IA86 s.238 — Transactions at an undervalue
A transaction is at an undervalue if the company makes a gift or receives consideration significantly less than the value of what it provides. The look-back period is two years ending with the onset of insolvency. The company must have been unable to pay its debts at the time of the transaction (or have become unable as a result), but this is presumed if the transaction is with a connected party. The court can order the transaction reversed, or compensation paid, under section 241.
IA86 s.239 — Preferences
A preference occurs where the company does something that has the effect of putting a creditor (including a guarantor) in a better position, in the event of insolvent liquidation, than they would otherwise have been in, and the company was influenced by a desire to produce that result. The look-back is two years for connected parties and six months for unconnected creditors. For a connected party, that "desire" is presumed. Classic examples: repaying a director's loan while leaving trade creditors unpaid; paying off a personally-guaranteed bank facility just before liquidation.
IA86 s.240 — Relevant time
Sets out when the look-back clock runs. For sections 238 and 239, time runs back from the "onset of insolvency", which is usually the date of the winding-up petition (compulsory liquidation), the date of the resolution to wind up (CVL), or the filing of the notice of intention to appoint an administrator.
IA86 s.245 — Avoidance of floating charges
A floating charge granted within twelve months of the onset of insolvency (or two years for connected parties) is invalid, except to the extent of new consideration provided at or after the time of its creation.
IA86 s.423 — Transactions defrauding creditors
Unlike section 238, section 423 has no fixed look-back period. It applies where a transaction at an undervalue was entered into for the purpose of putting assets beyond the reach of a person who has or may have a claim against the company. The applicant does not need to be the liquidator — any "victim" creditor can apply. Particularly important in the context of asset transfers to a spouse's company, trust structures, or phoenix arrangements.
CA06 s.172 — Duty to promote the success of the company
A director's general duty is to act in the way they consider, in good faith, would be most likely to promote the success of the company for the benefit of its members as a whole. Section 172(3) preserves the rule, restated by the Supreme Court in BTI 2014 LLC v Sequana SA [2022] UKSC 25, that the director must, in certain circumstances, consider or act in the interests of the company's creditors. The duty is engaged when insolvent liquidation or administration becomes "probable" and intensifies as the prospect approaches inevitability.

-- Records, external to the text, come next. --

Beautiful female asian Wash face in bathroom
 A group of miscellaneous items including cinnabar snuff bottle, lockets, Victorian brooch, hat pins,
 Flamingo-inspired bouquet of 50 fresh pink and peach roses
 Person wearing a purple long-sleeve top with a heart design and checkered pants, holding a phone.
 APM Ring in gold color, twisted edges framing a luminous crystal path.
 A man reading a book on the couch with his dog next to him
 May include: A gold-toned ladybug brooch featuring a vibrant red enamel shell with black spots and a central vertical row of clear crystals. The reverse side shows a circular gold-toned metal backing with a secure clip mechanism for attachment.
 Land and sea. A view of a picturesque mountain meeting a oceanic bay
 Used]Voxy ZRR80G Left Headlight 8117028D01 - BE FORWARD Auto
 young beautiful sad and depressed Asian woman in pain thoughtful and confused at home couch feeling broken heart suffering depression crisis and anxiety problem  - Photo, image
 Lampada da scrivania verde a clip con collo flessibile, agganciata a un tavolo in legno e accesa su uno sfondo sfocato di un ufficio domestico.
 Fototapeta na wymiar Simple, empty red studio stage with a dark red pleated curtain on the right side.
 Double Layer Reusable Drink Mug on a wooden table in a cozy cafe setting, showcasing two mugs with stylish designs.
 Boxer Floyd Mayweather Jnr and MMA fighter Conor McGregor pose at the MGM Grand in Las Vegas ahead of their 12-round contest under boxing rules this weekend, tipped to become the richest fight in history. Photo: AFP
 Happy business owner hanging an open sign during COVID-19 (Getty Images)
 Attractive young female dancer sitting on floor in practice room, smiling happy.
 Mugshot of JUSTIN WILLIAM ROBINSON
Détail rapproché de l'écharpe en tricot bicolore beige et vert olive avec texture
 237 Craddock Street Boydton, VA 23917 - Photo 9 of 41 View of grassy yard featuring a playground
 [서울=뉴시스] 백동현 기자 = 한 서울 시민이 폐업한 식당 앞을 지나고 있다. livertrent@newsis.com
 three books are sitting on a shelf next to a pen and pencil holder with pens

CA06 ss.386-389 — Accounting records
A company must keep adequate accounting records sufficient to show and explain its transactions and to disclose with reasonable accuracy, at any time, the financial position of the company. Failure is a criminal offence by every officer in default. The CDDA report on director conduct (CDDA s.6 and Schedule 1) specifically requires the IP to comment on the quality and adequacy of the records.
CA06 ss.829-853 — Distributions
A dividend or other distribution must be made out of profits available for that purpose (section 830). The test is applied by reference to the relevant accounts at the date of declaration. If a distribution is made when there are insufficient distributable reserves at that moment, it is unlawful, and section 847 makes the recipient (if they knew or had reasonable grounds for believing it was unlawful) liable to repay it. Re Marini Ltd [2004] BCC 172 and the BHS Group judgments establish that directors carry the burden.
CDDA s.6 — Disqualification of unfit directors
The court must disqualify a director of an insolvent company whose conduct makes them unfit to be concerned in the management of a company. The minimum disqualification is two years; the maximum fifteen. Schedule 1 lists the matters the court must have regard to, including the extent of any breach of duty, any misfeasance, and the extent to which the director has been responsible for the company entering insolvency.
CDDA s.7A — Reports on conduct
The IP, on appointment, must submit a confidential report on the conduct of every director (and shadow director) who has served in the three years preceding insolvency. The IP's report is the gateway to disqualification proceedings brought by the Secretary of State.
CDDA s.15A — Compensation orders
Following disqualification, the Secretary of State may apply for a compensation order requiring the disqualified person to pay compensation to creditors or the company. Used increasingly against directors whose unfit conduct has caused identifiable loss.
Related reading
- → Director risks in liquidation — how each of these provisions plays out in practice for a director
- → Director duties — the eight working principles for the "zone of insolvency"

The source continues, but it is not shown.